This is necessary, as participation in these discussions remain central to balancing Jamaica’s trading interests at the multilateral levels, Deputy Prime Minister and Minister of Foreign Affairs and Foreign Trade, Dr. Ken Baugh told the House of Representatives, during his contribution to the 2008/09 Sectoral Debate, yesterday (June 25).
He said these issues have implications for bilateral trade agreements, which the region has negotiated, such as the Economic Partnership Agreement (EPA) with the European Union (EU), as they address issues such as the erosion of preferences.
“Jamaica has also been at the forefront of the push by the Group of 33 developing countries to have the freedom to designate specific products as ‘Special Products’, which would be subject to carve-outs in any tariff adjustment treatment agreed by the WTO members. It should be noted that Jamaica served as co-ordinator for the ACP Group in Geneva for two terms and remains a member of the governing troika,” Dr. Baugh said.

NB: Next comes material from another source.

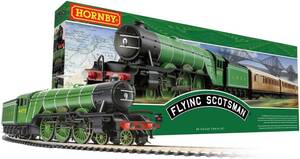 Hornby The Flying Scotsman A1Class 4472 OO 電気鉄道模型セット HO トラック米国電源 R1255M 付き、グリーンn220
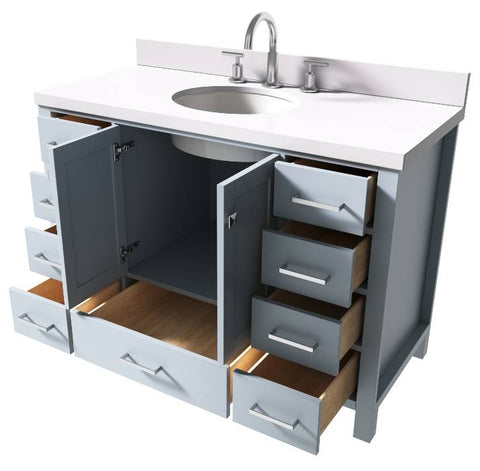 Image of Ariel Cambridge Grey Transitional 49" Oval Sink Vanity w/ White Quartz Countertop | A049SWQOVOGRY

New revised texts on Agriculture and Industrial Goods were issued in May and it is proposed that a Mini-Ministerial meeting be held in Geneva on July 31, to take stock of the progress of the negotiations and, where possible, to move the process forward, the Minister disclosed.
He pointed out that the negotiations and ministerial meetings have had many difficulties. The present round has been going on for six years and there are difficulties in coming to terms with the problems that relate to agreements in agriculture, especially in relation to subsidies and also to non-agricultural market access, in particular, industrial products and also to fisheries. These disagreements are in relation to the levels of tariffs and the changes that are being proposed.
Of specific concern to Jamaica, he said, is ensuring that progress is also made in the development issues such as Special and Differential Treatment and outstanding implementation issues and in other areas such as Trade and the Environment.
“I can’t emphasize it too much that Jamaica has made its position clear that there is the need to ensure that any outcomes of the Doha Round must have a development focus, otherwise, it cannot be called a development round,” he said.